Após deixar o comando da capital alagoana, JHC terá, na prática, dois caminhos principais: disputar o Governo de Alagoas ou entrar na corrida por uma vaga no Senado Federal.
Nos bastidores, interlocutores avaliam que o prefeito vem trabalhando com ambas as possibilidades de forma estratégica. A eventual candidatura ao Governo surge como um movimento natural, considerando sua projeção política e capital eleitoral. Por outro lado, a disputa pelo Senado aparece como uma alternativa considerada mais segura e com menor desgaste político.
A leitura entre lideranças é de que a definição final dependerá diretamente do cenário político estadual, especialmente da composição de alianças e do posicionamento de grupos tradicionais.
A filiação ao PSDB, acompanhada pela primeira-dama Marina Candia e pela senadora Eudócia Caldas, reforça que o grupo já está inserido em um projeto maior, mirando protagonismo nas eleições.
Apesar disso, a ausência de uma definição clara sobre qual cargo será disputado tem alimentado dúvidas entre aliados e lideranças políticas.
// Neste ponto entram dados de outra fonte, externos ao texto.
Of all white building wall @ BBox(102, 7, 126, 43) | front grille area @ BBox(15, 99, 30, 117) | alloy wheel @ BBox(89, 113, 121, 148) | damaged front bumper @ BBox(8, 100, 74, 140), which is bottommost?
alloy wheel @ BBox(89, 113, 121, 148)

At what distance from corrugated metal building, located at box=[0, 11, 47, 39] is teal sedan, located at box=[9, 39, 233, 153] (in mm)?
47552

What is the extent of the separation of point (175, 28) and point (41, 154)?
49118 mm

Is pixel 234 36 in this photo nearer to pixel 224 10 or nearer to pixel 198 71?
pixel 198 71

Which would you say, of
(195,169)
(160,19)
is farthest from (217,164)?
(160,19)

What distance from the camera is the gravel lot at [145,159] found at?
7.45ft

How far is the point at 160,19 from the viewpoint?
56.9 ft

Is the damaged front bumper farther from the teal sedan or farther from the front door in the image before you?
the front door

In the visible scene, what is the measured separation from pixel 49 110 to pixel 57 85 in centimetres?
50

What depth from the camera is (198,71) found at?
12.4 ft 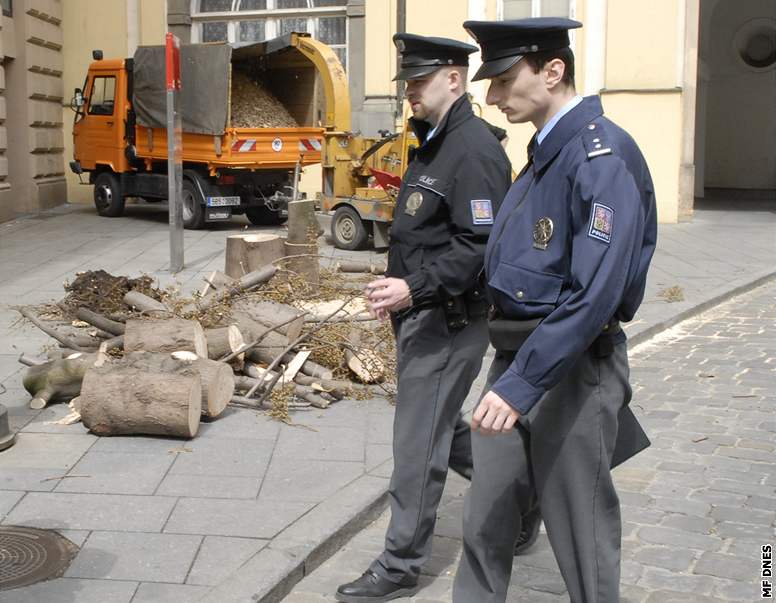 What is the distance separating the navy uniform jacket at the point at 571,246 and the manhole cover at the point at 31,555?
6.93 ft

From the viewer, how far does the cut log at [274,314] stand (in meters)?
7.06

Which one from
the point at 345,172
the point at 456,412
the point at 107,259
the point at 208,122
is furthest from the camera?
the point at 208,122

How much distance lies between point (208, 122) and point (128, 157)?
214cm

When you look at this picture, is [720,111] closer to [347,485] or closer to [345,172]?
[345,172]

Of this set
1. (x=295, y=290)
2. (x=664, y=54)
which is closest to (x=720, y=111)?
(x=664, y=54)

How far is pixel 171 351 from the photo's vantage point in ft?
21.2

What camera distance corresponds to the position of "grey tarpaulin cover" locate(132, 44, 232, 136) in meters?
16.0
A avaliação é que o tempo de indefinição pode impactar diretamente na construção de confiança e na consolidação de apoios.
Nos bastidores, a percepção é objetiva: JHC joga em duas frentes, mas, ao deixar a prefeitura, precisará fazer uma escolha definitiva e essa decisão tende a redesenhar completamente o tabuleiro político de Alagoas para 2026.